A retelling drawn from Nabíl's The Dawn-Breakers, the chronicle of the early days of the Faith, together with the accounts preserved in standard Bahá'í histories. Phrases in quotation marks are words preserved in that record.
In the city of Zanján, in the years before the Cause of the Báb had shaken Persia, there lived a religious leader unlike most of his fellows. Mullá Muḥammad-'Alíy-i-Zanjání was a mujtahid — a cleric of the highest rank, learned in the law and entitled to give independent legal judgments — and he was reckoned among the ablest ecclesiastical figures of his age. But what set him apart was not merely his learning. It was his independence. Where other divines moved in a herd, anxious never to stray from the safe consensus of their colleagues, this man thought for himself. He had a reputation for boldness, for breaking with the crowd when his own conscience and reason pointed another way, and for caring more for the truth as he saw it than for the approval of his peers. Such a man had already made himself enemies.

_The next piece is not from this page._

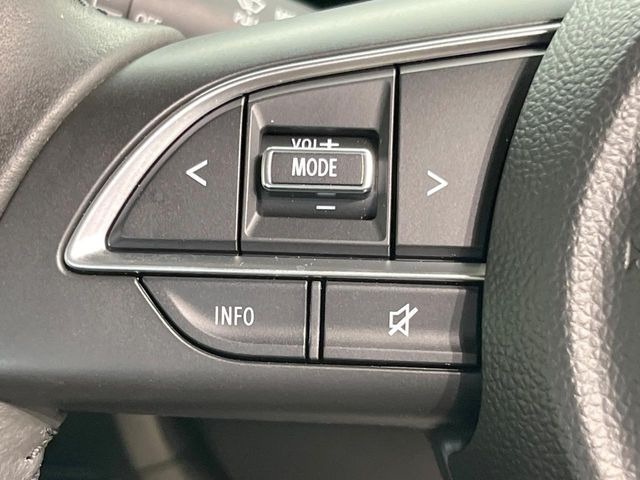 �y�X�e�A�����O�X�C�b�`�z�^�]���A�O������ڐ������炷���ƂȂ��A�I�[�f�B�I���̑��삪�\�ȕ֗��@�\!���S&���K�ȃh���C�u�����o���Ă���܂���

Then the news came. From the south, out of Shíráz, reports began to spread of a young Merchant who had advanced a stupendous claim — that He was the bearer of a new Revelation from God, the Promised One whom the faithful had long awaited. The report was the kind that divides people instantly. Most of the clergy reacted as clergy so often do to anything that threatens the established order: with reflexive hostility, condemning what they had not examined, denouncing what they did not understand. To join the chorus of denunciation would have cost Ḥujjat nothing and preserved everything — his rank, his income, his standing among the learned.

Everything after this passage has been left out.